▸ **Work to complete**
Images in the data are to be skipped, while every line is restated exactly as written.

------ Raw data

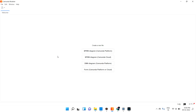Hi guys, welcome back. Now we are going to discuss about embedded subprocess. What is subprocess basically? From the naming itself you can understand — subprocess is nothing but a process inside another process. That is called subprocess. So how we can use that, let's see one small example.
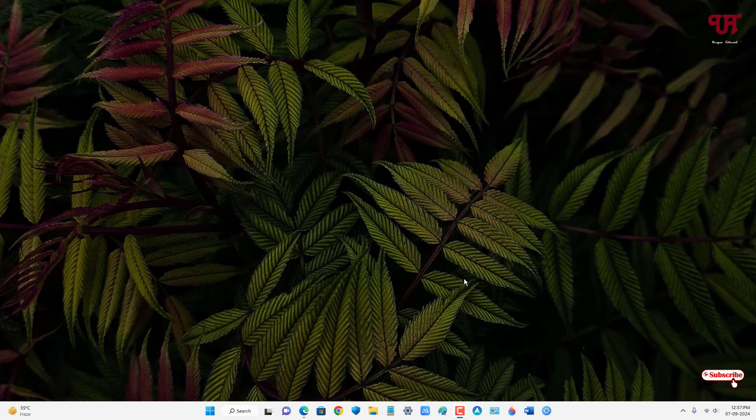Hello everyone, it's me JP from Unique Tutorials. Today in this video, I'll show you how to download the background wallpaper showing up in Microsoft Bing's official website. So without further delay, let's begin.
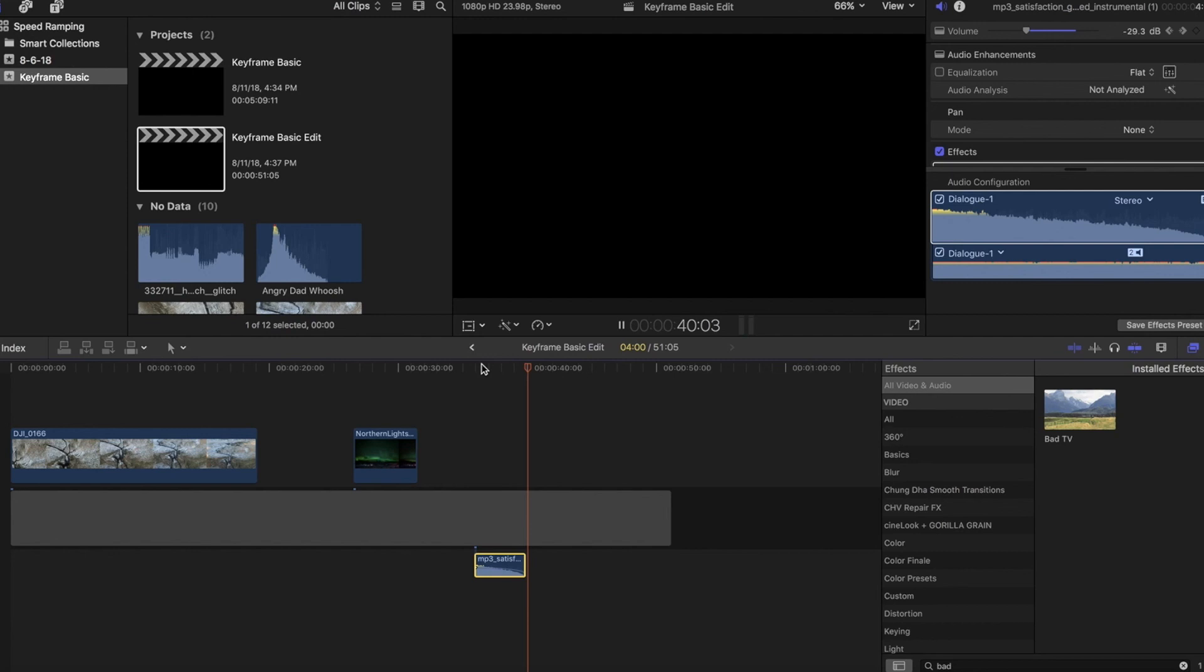Look out for a more advanced keyframing video where we'll talk all about keyframing masks. And as always, if you found this helpful, please help me out by hitting the thumbs up button, subscribing and following along for more videos.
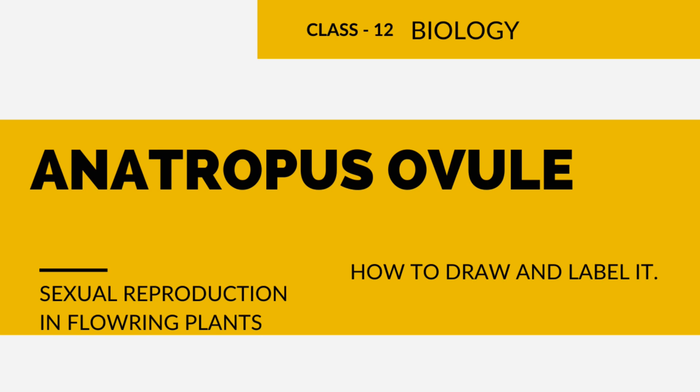Hello everyone, in this video I'm going to draw an Anatropous ovule and label its parts. Let's learn with me how we can draw it. First, you have to take a line that is going from here till here.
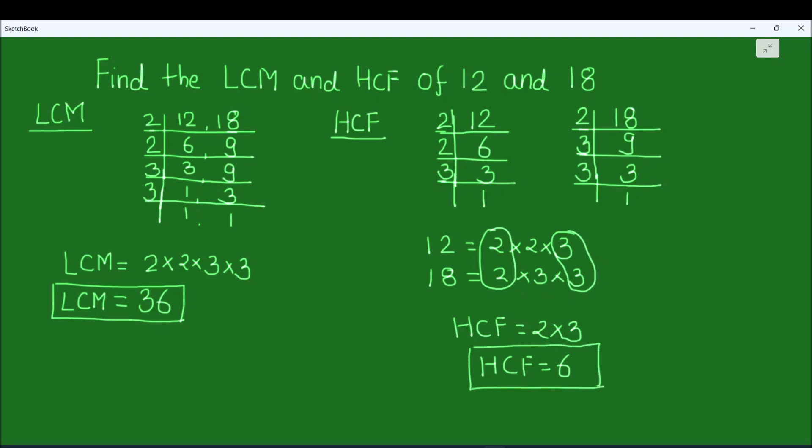So this is how, by using the prime factorization method, we can find the LCM and HCF of two numbers easily. I hope this video is helpful to you. If you liked the video please hit the like button and subscribe to my channel for more math videos. Thanks for watching.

------------

▸ **Answer area**
Hi guys, welcome back. Now we are going to discuss about embedded subprocess. What is subprocess basically? From the naming itself you can understand — subprocess is nothing but a process inside another process. That is called subprocess. So how we can use that, let's see one small example.
Hello everyone, it's me JP from Unique Tutorials. Today in this video, I'll show you how to download the background wallpaper showing up in Microsoft Bing's official website. So without further delay, let's begin.
Look out for a more advanced keyframing video where we'll talk all about keyframing masks. And as always, if you found this helpful, please help me out by hitting the thumbs up button, subscribing and following along for more videos.
Hello everyone, in this video I'm going to draw an Anatropous ovule and label its parts. Let's learn with me how we can draw it. First, you have to take a line that is going from here till here.
So this is how, by using the prime factorization method, we can find the LCM and HCF of two numbers easily. I hope this video is helpful to you. If you liked the video please hit the like button and subscribe to my channel for more math videos. Thanks for watching.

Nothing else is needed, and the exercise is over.